The repeal of the U.S. military's "don't ask, don't tell" policy was hailed by lesbian, gay, bisexual and transgender (LGBT) activists as a supreme victory for the Obama administration in September. But now, those outraged by the repeal say they are further angered by the revision of yet another military technicality, albeit one that is considerably more obscure.

As Stars and Stripes is reporting, White House and Pentagon officials have fielded uncomfortable queries on whether they are working to decriminalize sex with animals as part of efforts to update the Uniform Code of Military Justice (UCMJ).

Interestingly, Congress is reportedly poised to remove the only specific reference to bestiality in the UCMJ, though officials say its removal is merely a legal technicality and does not represent any fundamental change for servicemembers and, by extension, service animals, the publication reports. "The department's position on this issue remains unchanged and that act remains illegal," defense spokesman Lt. Col Todd Breasseale is quoted as saying.

The text in question to be repealed reads:

a) Any person subject to this chapter who engages in unnatural carnal copulation with another person of the same or opposite sex or with an animal is guilty of sodomy. Penetration, however slight, is sufficient to complete the offense.
(b) Any person found guilty of sodomy shall be punished as a court-martial may direct.

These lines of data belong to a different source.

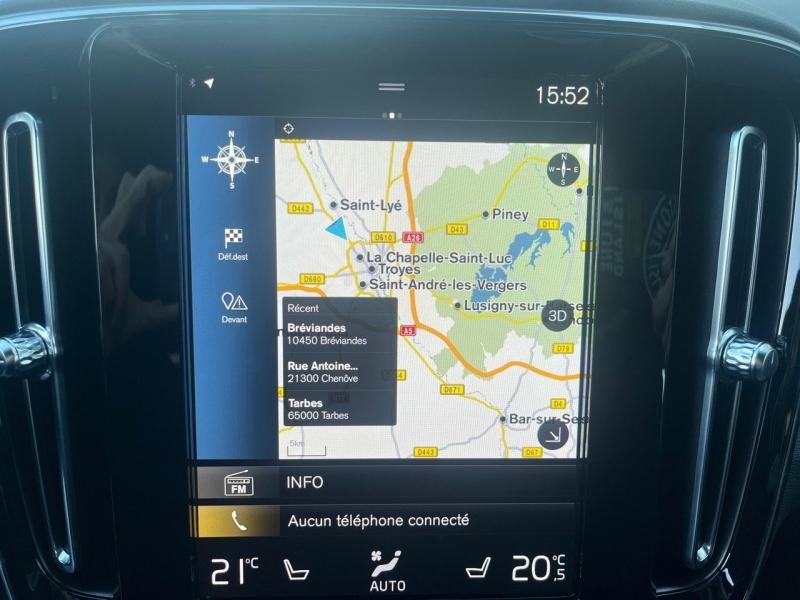 Image VOLVO XC40 T5 Recharge 180 + 82ch Plus DCT 7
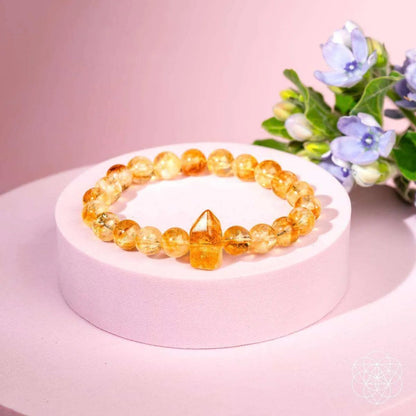 365 Days of Brilliance - Citrine Bracelet Conscious Items Default Title Default Title-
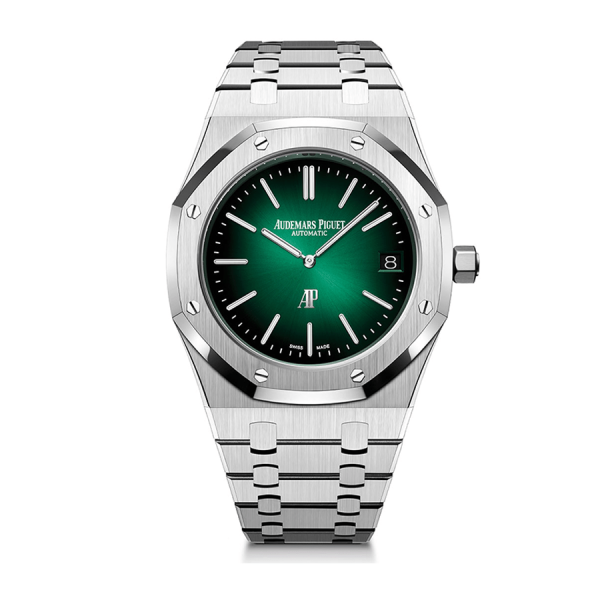 Audemars Piguet Royal Oak</br> 39 mm, Smoked green </br> Ref. 15202PT.OO.1240PT.01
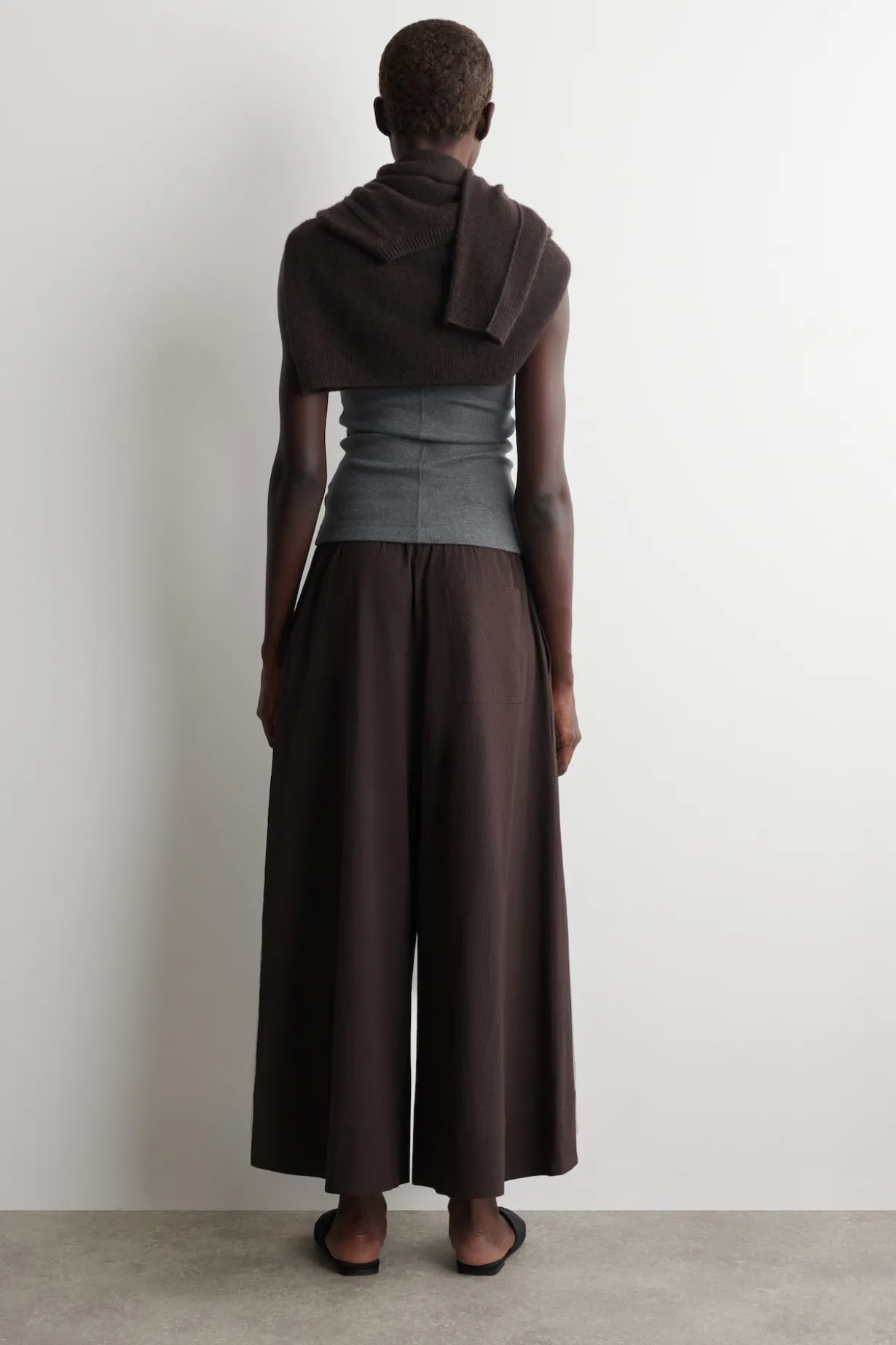 SEERSUCKER CULOTTES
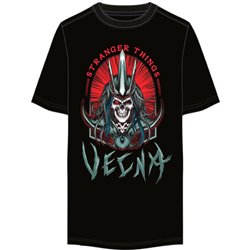 CAMISETA VECNA STRANGER THINGS - Teknashop Ltd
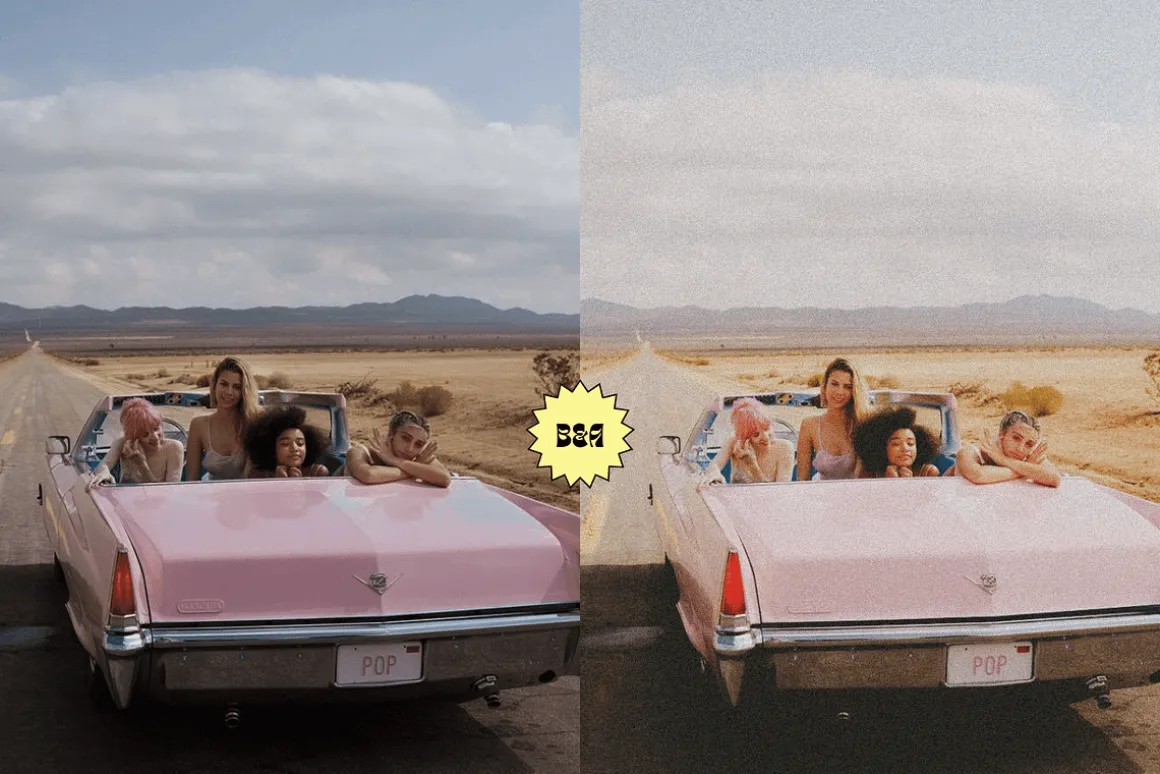 1980'S FILM LIGHTROOM MOBILE PRESETS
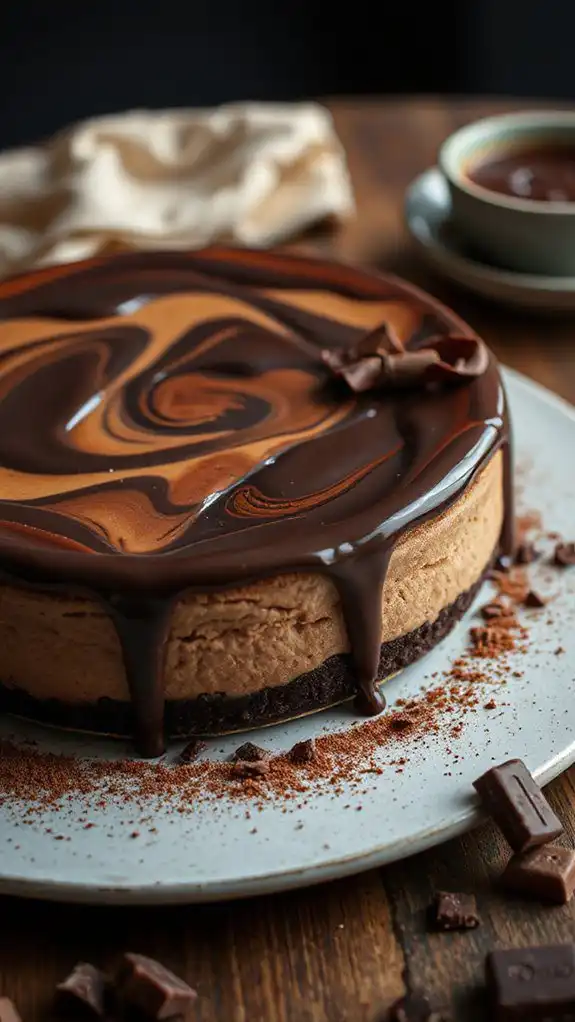 decadent chocolate coffee dessert decadent chocolate coffee dessert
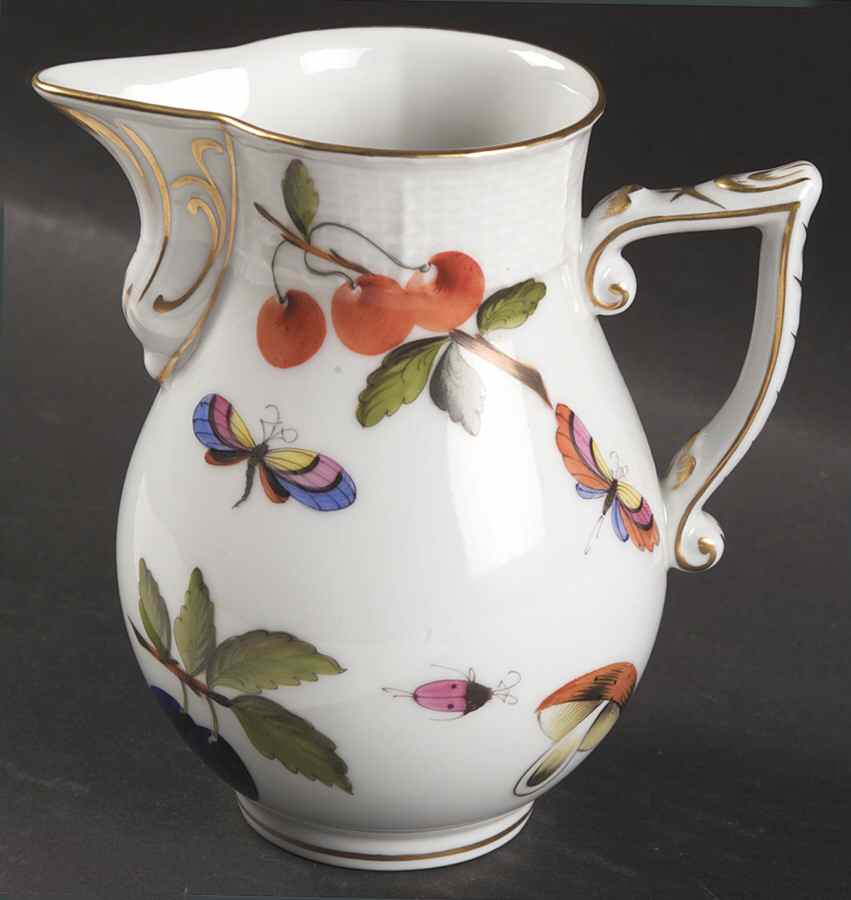 Market Garden (FR) 14 Oz Pitcher by Herend-1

Among those who expressed their distaste in the removal were members of the People for the Ethical Treatment of Animals (PETA), who allege White House officials are not considering the seriousness of the matter. "Our office has been flooded with calls from Americans who are upset that this ban has been repealed -- and for good reason," officials wrote in a letter to White House Press Secretary Jay Carney, according to Politico. "As we outlined in the attached letter sent yesterday to the secretary of defense, animal abuse does not affect animals only -- it is also a matter of public safety, as people who abuse animals very often go on to abuse human beings."

Not surprisingly, conservative pundits were also among the dissenting voices. Having already slammed the Obama administration for "using the military to advance [its] radical social agenda," Family Research Council President Tony Perkins told CNSNews.com, "Well, whether it was inadvertent or not, they have also taken out the provision against bestiality. So now, under the Uniform Code of Military Justice (UCMJ), there’s nothing there to prosecute bestiality."